A Delhi court framed charges under sections 499 (defamation) and 500 (punishment for defamation) of the Indian Penal Code, or the IPC, against Aam Aam Party (AAP) chief Arvind Kejriwal after he refused to withdraw the allegations of corruption he had leveled against Union Road Transport, Highways and Shipping Minister Nitin Gadkari.
An initiative by Judge Gomti Manocha, who is hearing the defamation case filed by the former BJP president against the AAP leader, to facilitate an amicable settlement between the two leaders earlier in the day had fallen through after Mr. Kejriwal refused to retract his charges.
The 57-year-old Union Minister and the AAP leader, 45, faced each other for the first time this morning in the court at the Patiala House.
The judge, at the same time, exempted Mr. Kejriwal from making a personal appearance in the court on the day of hearing in the case.
Mr.
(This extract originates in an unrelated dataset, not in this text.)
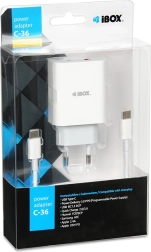 Cargador de red IBOX C-36 USB‑C PD 20W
Gadkari, who is now a Cabinet Minister in the Narendra Modi government, told the judge in the hearing held this morning that he would be willing to withdraw the defamation case if the AAP chief retracted his allegations against him.
Mr. Kejriwal had, in a press conference held in January, named the former BJP president among “the most corrupt politicians of India”.
In retaliation, Mr. Gadkari filed a defamation case against the AAP leader. “I have a conviction-oriented approach. My reputation has been damaged. I have suffered a loss of credibility and image. He doesn’t even need to apologise. Even if he says he withdraws the allegation, I won’t pursue this case,” the BJP leader told the court in response to the judge’s plea to withdraw his defamation case.
“Any defamation is a big blot for me. If he has proof, he should show. He has leveled wrong allegations against me. Either he proves his charges, or withdraws,” Mr. Gadkari added.
Mr. Kejriwal, however, refused, saying, “This is not a prestige issue.”
The AAP leader was last month sent to jail after he refused to furnish the bond needed in the defamation case. He had since been insisting that the court should not ask him for one and argued that he has committed no crime.
He finally had to furnish a personal bond on the orders of the Delhi High Court to secure his release.